6. The demand curve should be designed so the fixed-cost recovery is somewhat above normal when installed capacity is short of the target adequacy level and below normal when installed capacity is above this level.
Policy questions for California from the experiences from other states and ISO/RTOs include:
1. Would a downward sloping demand curve capacity market construct, similar to the New York approach, be an appropriate mechanism to support California's resource adequacy program?
2. Would a capacity market, such as in New York, assist LSEs to make adjustments by being able to sell excess capacity or buy it when they are short?
3. Would this mechanism assist California in meeting its goals to be resource adequate and reach a minimum of 15-17% reserve margins?
4. To address deliverability concerns and meet the ISO's requirements, is it appropriate to investigate solutions for local areas as a first step?
5. Do capacity markets in local areas that are designed with downward sloping demand curves significantly mitigate energy and capacity market power concerns? What are other appropriate steps (e.g. subtraction of peak energy rents)?
Energy Division Recommendations
Based on a review of the structural problems and related impacts, how a well defined capacity market compensates for energy market imperfections, and a review of Eastern market models, Energy Division staff makes the following recommendations.
Recommendation 1: Adopt a short-run organized capacity market approach with a downward sloping capacity-demand curve for the CAISO.
Recommendation 2: Further investigate alternative availability metrics (e.g. UCAP v. ISO-NE's proposed metric based on performance during shortage conditions) and ensure development of an availability metric that is applicable to hydro, wind, thermal and other generation technologies, and to appropriate demand response products.
Recommendation 3: Consider subtraction of peak energy rents from the capacity payment.
Recommendation 4: Adopt reasonable locational installed capacity requirements with locally varying demand curves.
Recommendation 5: Consider protecting against capacity exports during times of tight supply through the use of capacity prices that fluctuate seasonally.
Recommendation 6: Investigate the dependability of capacity import contracts during times of high West-wide load.
Recommendation 7: Make the fixed-cost recovery curve explicit.
Recommendation 8: Strive for regulatory credibility.
Interagency Implementation
The Commission and CAISO have a key role in policy development and implementation of potential capacity markets and will continue to collaborate via a stakeholder process. However questions remain as to the extent to which the Commission should move beyond broad policy statements and set specific capacity market requirements, such as demand curve parameters.

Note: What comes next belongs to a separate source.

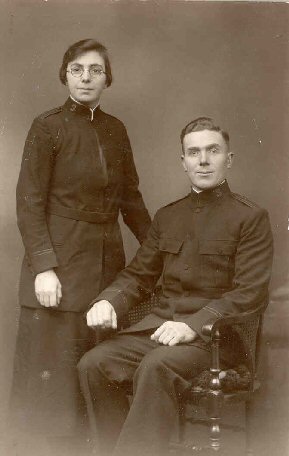 Mary Sewell and Alfred Taylor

Next Steps and Invitation to Comment
This paper is intended to be the first step in responding to President Peevey's February ACR. This paper presents staff's initial assessments and recommendations. In order for staff to more fully inform the Commission, and to move the process forward, staff seeks comments from interested entities. Comments may address any issue in the paper, but should focus on:
1) "Lessons Learned and Related Policy Questions" outlined in Section VI. E.
2) Staff's recommendations outlined in Section VII;
3) Appropriate roles and responsibilities of the Commission and CAISO in the development, design, and potential implementation of capacity markets in California outlined in Section VIII; and
Staff requests that any comments be submitted by September 23, 2005 and any reply comments be submitted by October 10, 2005. Comments should be submitted in compliance with the procedure set forth in the Ruling providing Notice of Availability of this White Paper, dated August 25, 2005.
Upon receipt of comments, Staff will make further recommendations to the Commission, including a recommendation on an appropriate process for moving forward with the investigation of capacity markets (e.g. a Commission-initiated order initiating rulemaking, CAISO/FERC-initiated process, or another alternative).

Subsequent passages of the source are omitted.